## Your task
Where a record holds a picture, leave the picture out; otherwise repeat every record exactly.

## Input data
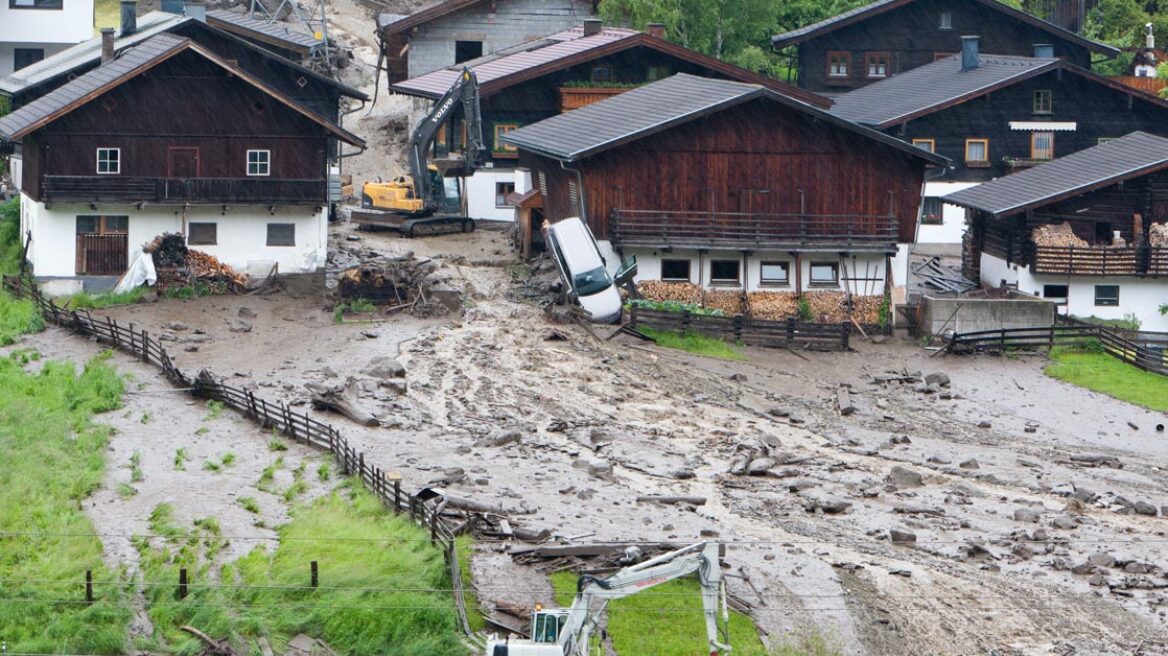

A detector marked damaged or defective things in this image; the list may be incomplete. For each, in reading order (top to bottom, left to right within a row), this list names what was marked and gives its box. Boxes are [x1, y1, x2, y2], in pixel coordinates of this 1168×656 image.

broken fence [1, 271, 474, 634]
broken fence [630, 303, 850, 350]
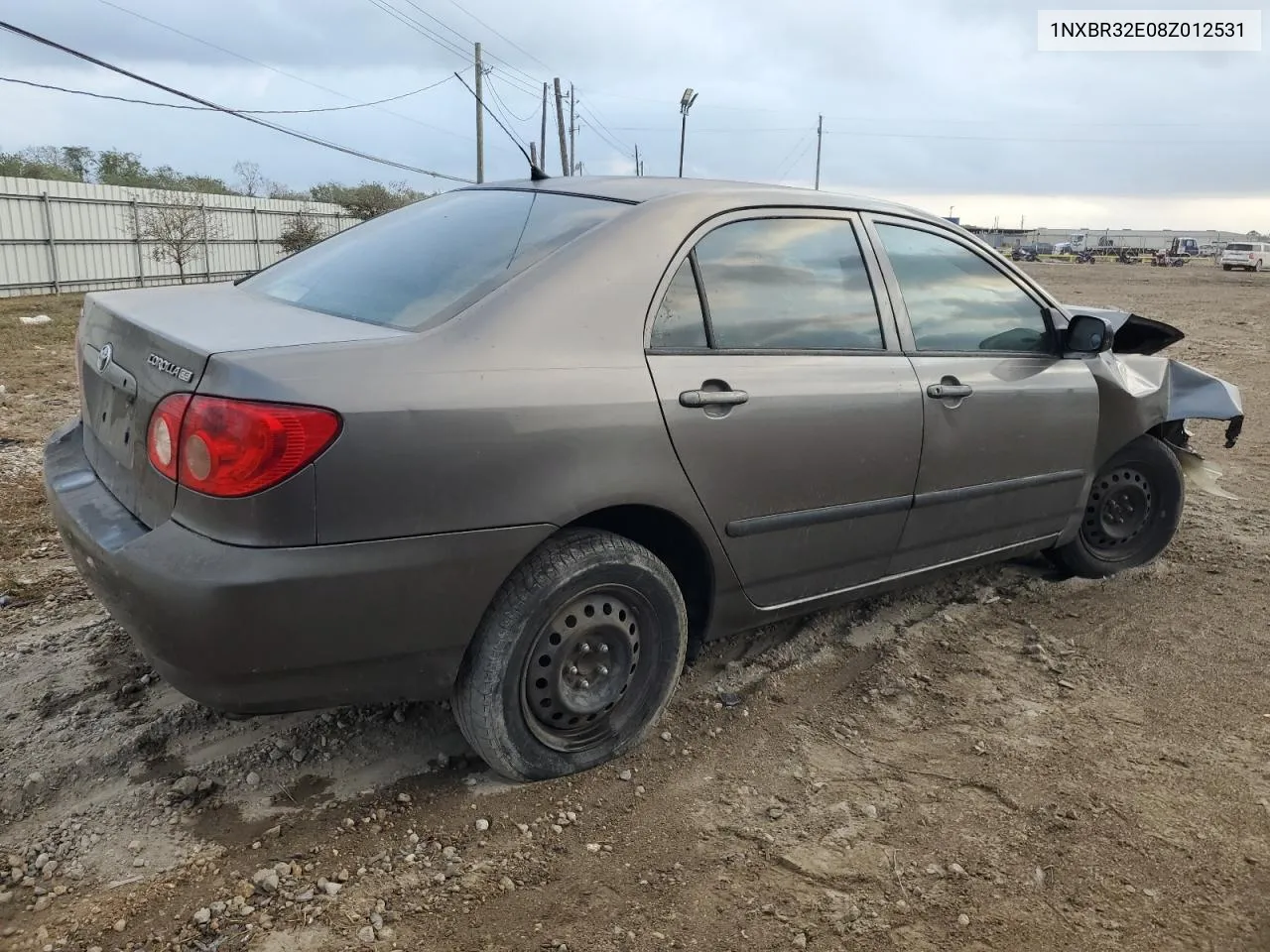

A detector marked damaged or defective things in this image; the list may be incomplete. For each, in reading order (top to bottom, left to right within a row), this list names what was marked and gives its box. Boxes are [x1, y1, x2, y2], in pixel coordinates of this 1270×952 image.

damaged front end [1062, 305, 1249, 479]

## Problem solution
A detector marked damaged or defective things in this image; the list may be incomplete. For each, in reading order (top to bottom, left to right within a row), this list names what was marked and gives its box. Boxes are [x1, y1, x2, y2], in pixel coordinates of this 1168×656 image.

broken fence [1, 271, 474, 634]
broken fence [630, 303, 850, 350]

A detector marked damaged or defective things in this image; the list may be incomplete. For each, in reading order (top to bottom, left to right within a row), this list names what was marked and gives its box. Boxes are [x1, y1, x2, y2], in pixel coordinates of this 1270×952 image.

damaged front end [1062, 305, 1249, 479]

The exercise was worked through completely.